━━ Material shown
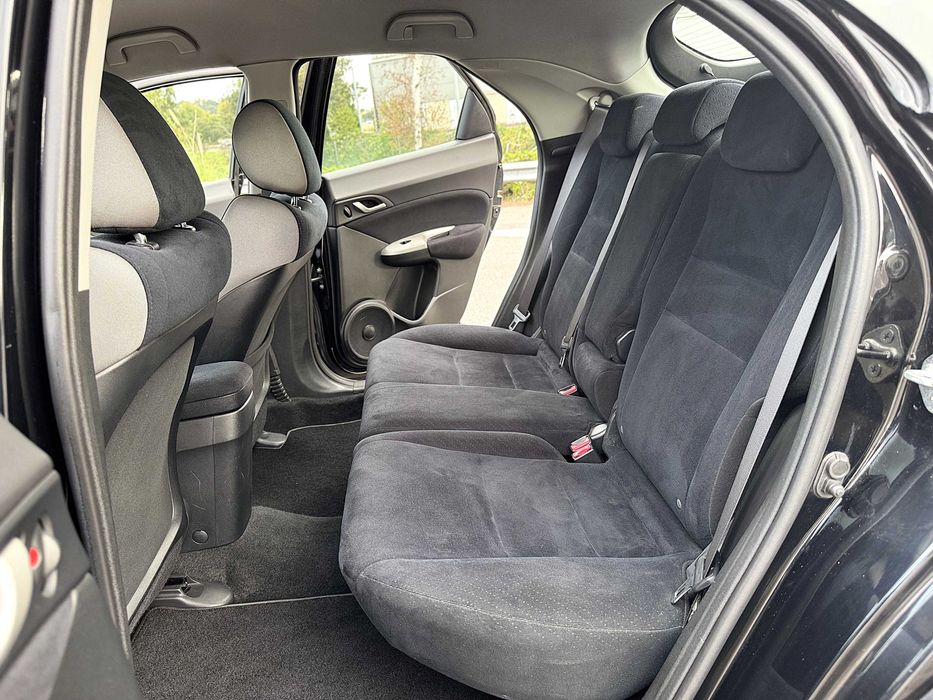 Honda Civic 1.4 i-DSI A/C Poucos KM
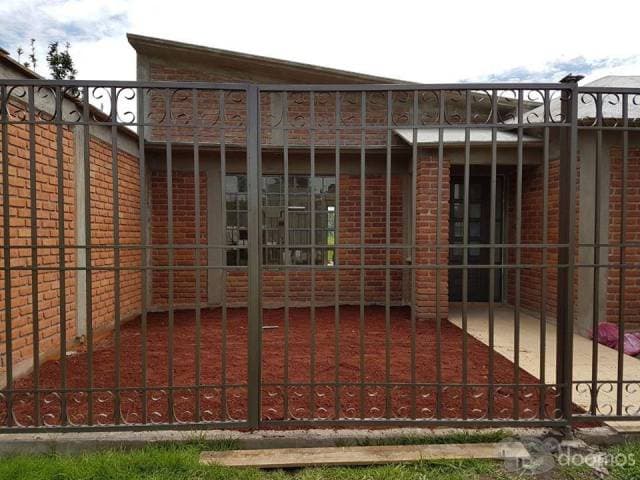 BONITA CASA EN VENTA EN PAPALOTLA CERCA DEL CENTRO — foto 1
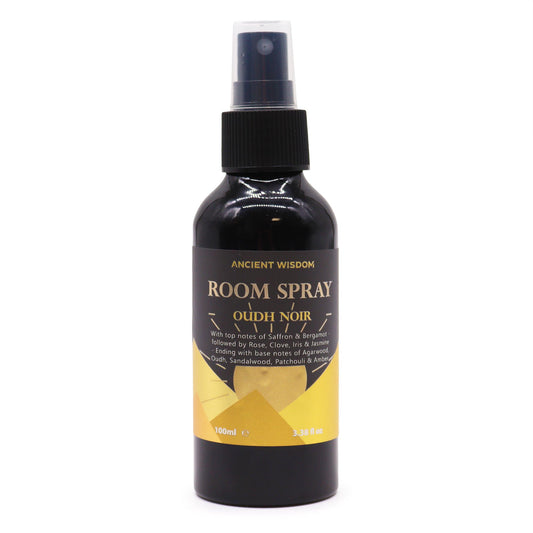 Aroma Intenso y Misterioso para Ambientes Sofisticados.
Spray ambientador Oudh Noche de 100 ml, formulado con agua de hamamelis, aceite de pachulí y una mezcla de notas amaderadas y cálidas. Ideal para perfumar espacios con un toque oriental, profundo y elegante, perfecto para crear una atmósfera envolvente y nocturna.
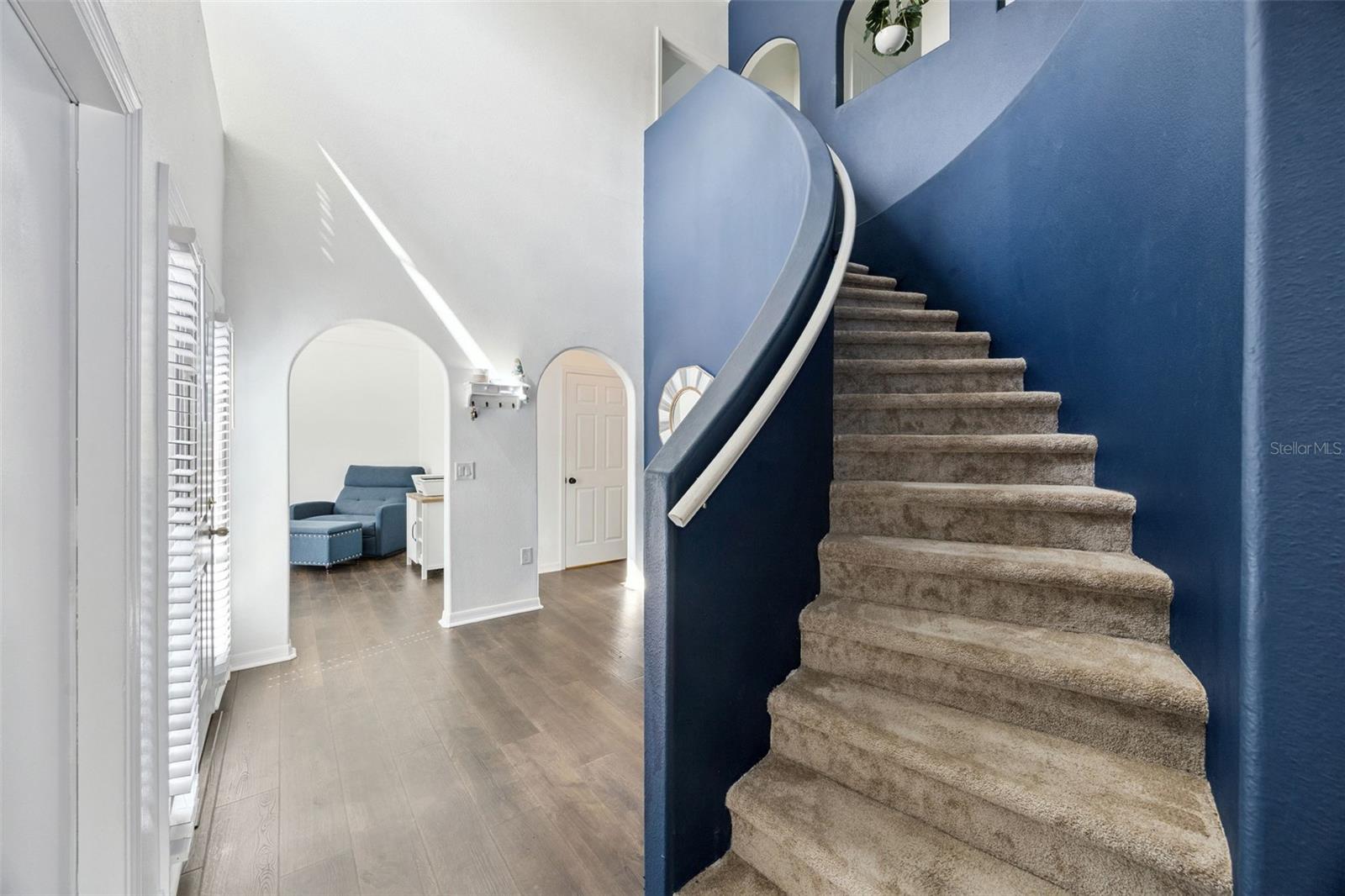 STERLING WOODS - Residential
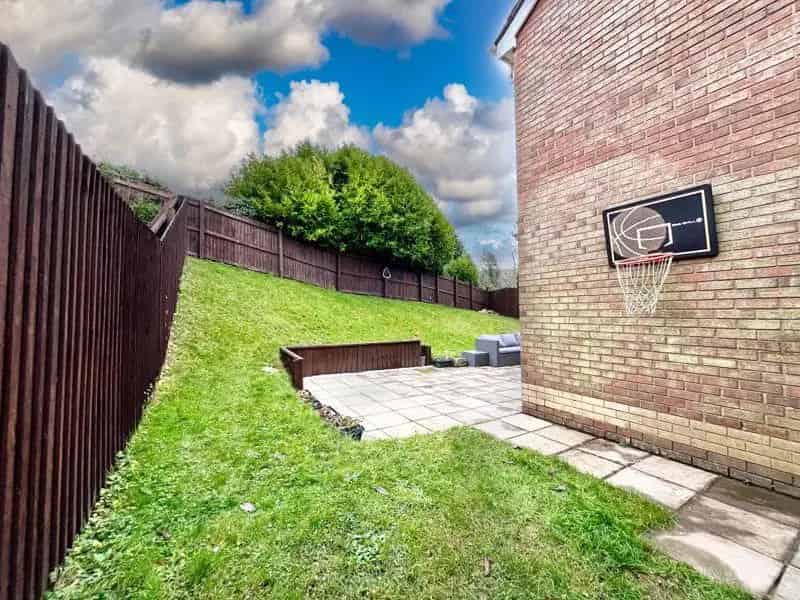 3 Bed Detached House For Sale - Quiet Cul-De-Sac Location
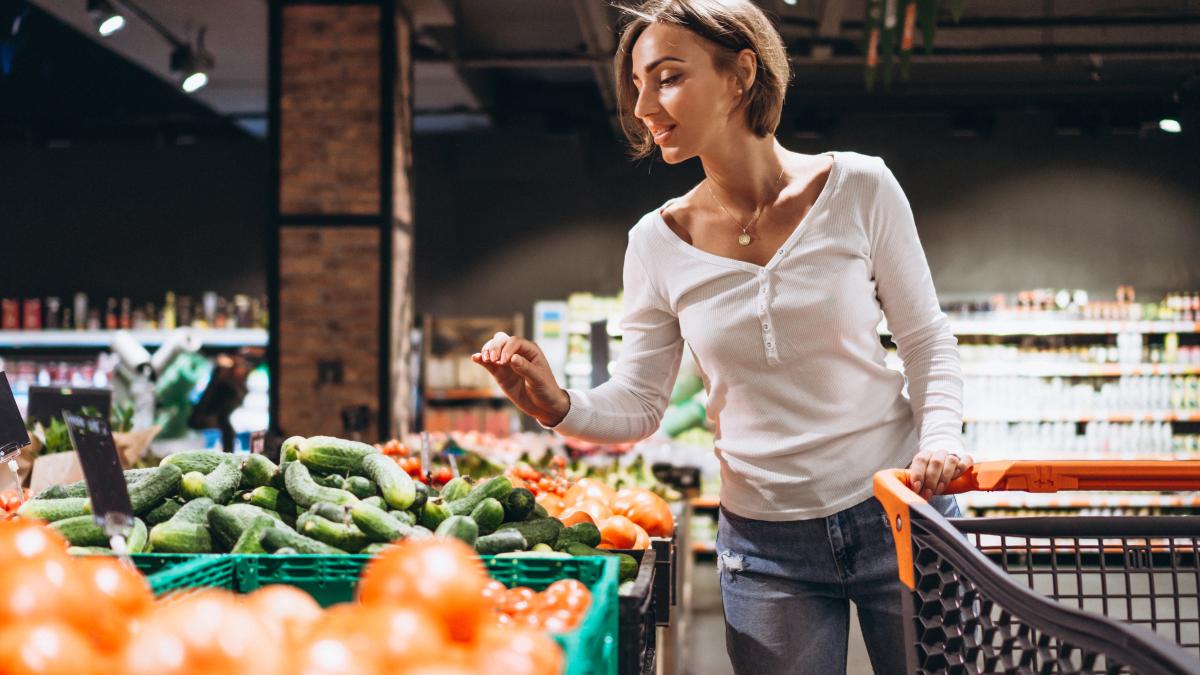 woman-shopping-grocery-store_51021800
━━━━
*What you will do*.
Word-for-word restatement: every line from the one with "Aroma Intenso y" through the final line of the data, both ends included, pictures excluded.

*Written reply*.
 Aroma Intenso y Misterioso para Ambientes Sofisticados.
Spray ambientador Oudh Noche de 100 ml, formulado con agua de hamamelis, aceite de pachulí y una mezcla de notas amaderadas y cálidas. Ideal para perfumar espacios con un toque oriental, profundo y elegante, perfecto para crear una atmósfera envolvente y nocturna.
 STERLING WOODS - Residential
 3 Bed Detached House For Sale - Quiet Cul-De-Sac Location
 woman-shopping-grocery-store_51021800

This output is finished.